Exercise. From the entries below, return only the lines starting at the one that contains "Hoje ele estaria" and ending at the one that contains "2BR, 2BA - 1,219SF - WaterWall Place", exactly as they stand.

Exercise data.
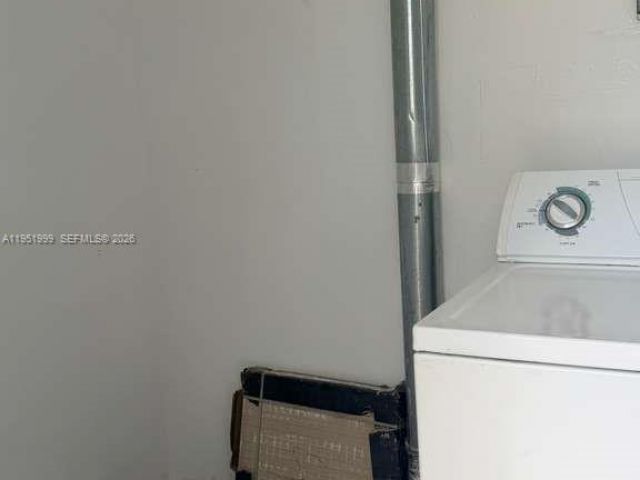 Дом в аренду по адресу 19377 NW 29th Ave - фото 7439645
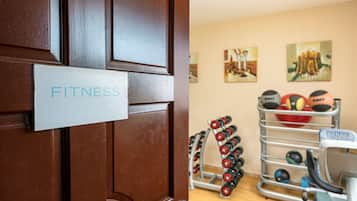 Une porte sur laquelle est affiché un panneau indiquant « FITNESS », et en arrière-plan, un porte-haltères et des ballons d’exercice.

---

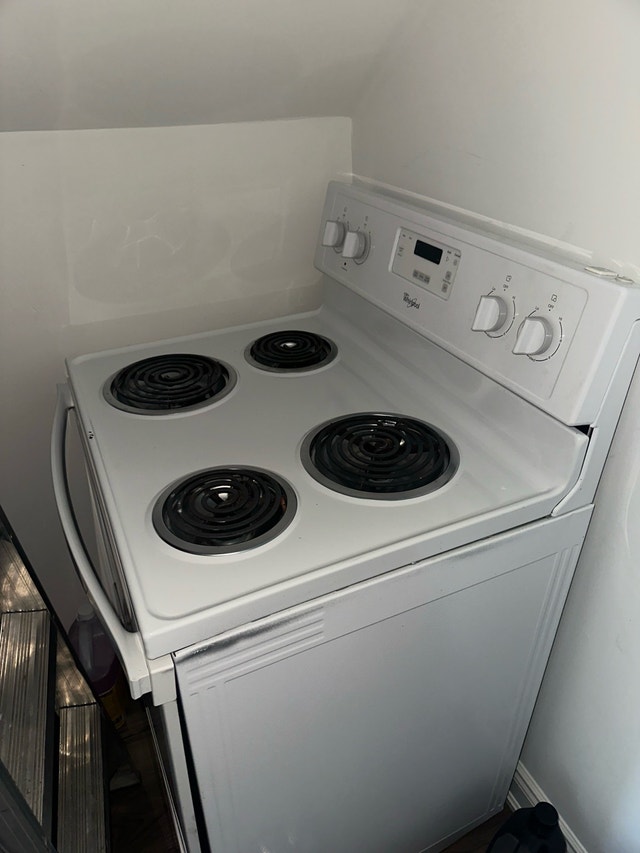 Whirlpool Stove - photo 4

--

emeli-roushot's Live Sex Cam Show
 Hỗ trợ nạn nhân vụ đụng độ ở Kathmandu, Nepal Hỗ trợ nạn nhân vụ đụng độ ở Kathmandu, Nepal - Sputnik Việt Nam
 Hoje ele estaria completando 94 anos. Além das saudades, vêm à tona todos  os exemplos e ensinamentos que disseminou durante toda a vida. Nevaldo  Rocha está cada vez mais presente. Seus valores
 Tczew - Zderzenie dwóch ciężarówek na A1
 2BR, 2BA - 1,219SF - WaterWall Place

Output of the exercise.
 Hoje ele estaria completando 94 anos. Além das saudades, vêm à tona todos  os exemplos e ensinamentos que disseminou durante toda a vida. Nevaldo  Rocha está cada vez mais presente. Seus valores
 Tczew - Zderzenie dwóch ciężarówek na A1
 2BR, 2BA - 1,219SF - WaterWall Place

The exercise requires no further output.